All I know is that the over under in .22 / .410 is probably one of the best survival guns you could ever want, but $450?????
I think I will try to do without one for a while with that kind of price!

----------


## Topsblades

That is MSRP.  Check your favorite firearm on the dealer site and you'll find that you can find the gun much cheaper at a local gun store or gun show.  This will more than likely go for less than $400 and even less in a year or so when they show up on the used market.  I'll be looking for one for sure!

----------


## wholsomback

For that price just buy the two guns .410 single and a semiauto .22 you'll come out under 400.00
I still have my 410 bolt action and a single shot 22 I got when I was 8 and they work fine.Just bought a second hand 22 and 410 for my youngest and only spent 200 so maybe it's worth it to some just like 1200.00 for a 30/30 ,they only discontinue so nestalgia gets it's hooks into you that is all.Worked for a gunmaker for a little while.

----------


## Rick

If you can find anything cheaper at a gun show let me know.

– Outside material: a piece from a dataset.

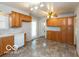 A spacious eat-in kitchen featuring ample cabinets and modern appliances with great natural light at 5838 W Henry St, Indianapolis, IN 46241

The last several I've been to were selling gold plated everything. At least they were priced that way.

----------


## tank

I have found a 22/410 for 300.00, a 22/20 ga for 350.00 and a 30-30/12 ga for 500.00 I didn't buy any of them too much money, the price should be about 250.00 to 275.00 but they are a rare find.

----------


## hunter63

I guess it just boils down to,.........How bad do you want one.....No matter what it is.
Wishing guns or anything else including gasoline at 1975 prices and is not in the plan.

So for those that maybe like something, at "the right price"....It becomes more about the hunt, for the deal.....If you really want something, then it's only money.

----------


## tank

Amen Hunter, I hate to say it but I guess I don't really need anymore guns????  You can carry only so many if I had to bug out I would have a good project just to get every thing loaded into the truck. I'm starting to get too old for this stuff anyway.

----------


## wholsomback

You hit it right on the head,you can only use em with your two hands so choice to bug out is limited by what is practical .

----------


## hunter63

> You hit it right on the head,you can only use em with your two hands so choice to bug out is limited by what is practical .


Yeah.....But...

----------


## shaner

i had a 24D for years  got it as a 14yr old  they were fantastic for hunting small game,   they looked  good and shot well , sort of looks like they are trying to get into the  blackgun , zombie killer class,  at 450.00 , ouch to many other choices out there  in that range

----------


## jake abraham

I would like to have just not at that price

----------


## Old Professor

I understand that Savage will be bringing the Model 42 out this summer in 22 Mag/20 gauge. I will want to take a close look at it then.  Wish I could afford a used Model 24 in 22 mag/20 ga. I think they look muck nicer.

----------


## hunter63

> I understand that Savage will be bringing the Model 42 out this summer in 22 Mag/20 gauge. I will want to take a close look at it then.  Wish I could afford a used Model 24 in 22 mag/20 ga. I think they look muck nicer.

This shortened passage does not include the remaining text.